The PROSPECT N1048 trial was designed as a randomized phase II leading into phase III trial with prespecified early stopping rules. Therefore, after the first 366 patients were enrolled nationwide, an interim analysis was conducted. It was noted that the early data did not meet either of the early stopping rules based on R0 resection rate or time to local recurrence. Therefore, an additional 644 patients were enrolled and randomized during the phase III portion of the trial, resulting in a total of 1194 patients (of 1180 total expected) enrolled to this trial.

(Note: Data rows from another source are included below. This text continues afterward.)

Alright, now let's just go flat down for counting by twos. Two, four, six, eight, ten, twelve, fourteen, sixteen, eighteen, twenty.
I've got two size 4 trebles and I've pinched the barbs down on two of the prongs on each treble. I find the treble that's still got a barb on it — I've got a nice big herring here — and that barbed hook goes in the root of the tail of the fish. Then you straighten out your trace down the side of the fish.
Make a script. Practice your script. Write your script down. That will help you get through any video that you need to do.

Clinical Trials in a Community Practice—How and Why

Clinical trials also can be an integral part of practice for surgeons in community or solo practice. It can be difficult to keep pace with rapid advances in the treatment of cancer in a community setting. Involvement in clinical trials is one way to stay on the cutting edge academically and also give community members access to services that otherwise they would have to travel great distances to receive. In the process, the individual surgeon or practice can gain recognition as a regional expert in their field. These benefits are well worth the effort to invest the time and infrastructure in a community setting.

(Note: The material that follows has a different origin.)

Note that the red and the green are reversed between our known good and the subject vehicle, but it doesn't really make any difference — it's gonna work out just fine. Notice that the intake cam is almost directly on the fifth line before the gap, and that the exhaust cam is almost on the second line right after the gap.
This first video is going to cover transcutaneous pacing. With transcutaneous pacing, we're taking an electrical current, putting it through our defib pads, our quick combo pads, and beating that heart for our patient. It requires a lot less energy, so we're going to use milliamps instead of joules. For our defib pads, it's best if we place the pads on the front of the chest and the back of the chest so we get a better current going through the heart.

Most cancer patients are treated in the community and not at academic centers. Availability of clinical trials provides access to new therapies. In addition, the data obtained from these patients provide a real-world patient population for analyzing new therapies. Barriers certainly exist but can be overcome. Economic barriers include establishing sufficient infrastructure and securing hospital “buy-in.” The hospital benefits significantly from community awareness of the success of the research program. Additionally, enrollment to clinical trials is one of the standards with which sites must comply to achieve accreditation by the Commission on Cancer. Success also is driven by continuous physician engagement, addressing patient concerns, and selecting an appropriate trial menu tailored to the physician’s practice.

Conclusions

Clinical trials are vital in advancing the care of patients in surgical oncology. Surgical oncologists can and should be involved with clinical trials and can be study PIs for single or multi-center IITs or NCTN trials. National groups through the NCTN program conduct a wide range of randomized, clinical treatment trials and imaging trials in adults and children across cancer types. Given there are many opportunities for surgeons to get involved in this collaborative process, surgical oncologists at both academic and community centers should seize the opportunity to get involved. Clinical trials provide opportunities for patients to receive novel treatments and for surgeons to continually advance their knowledge and skills.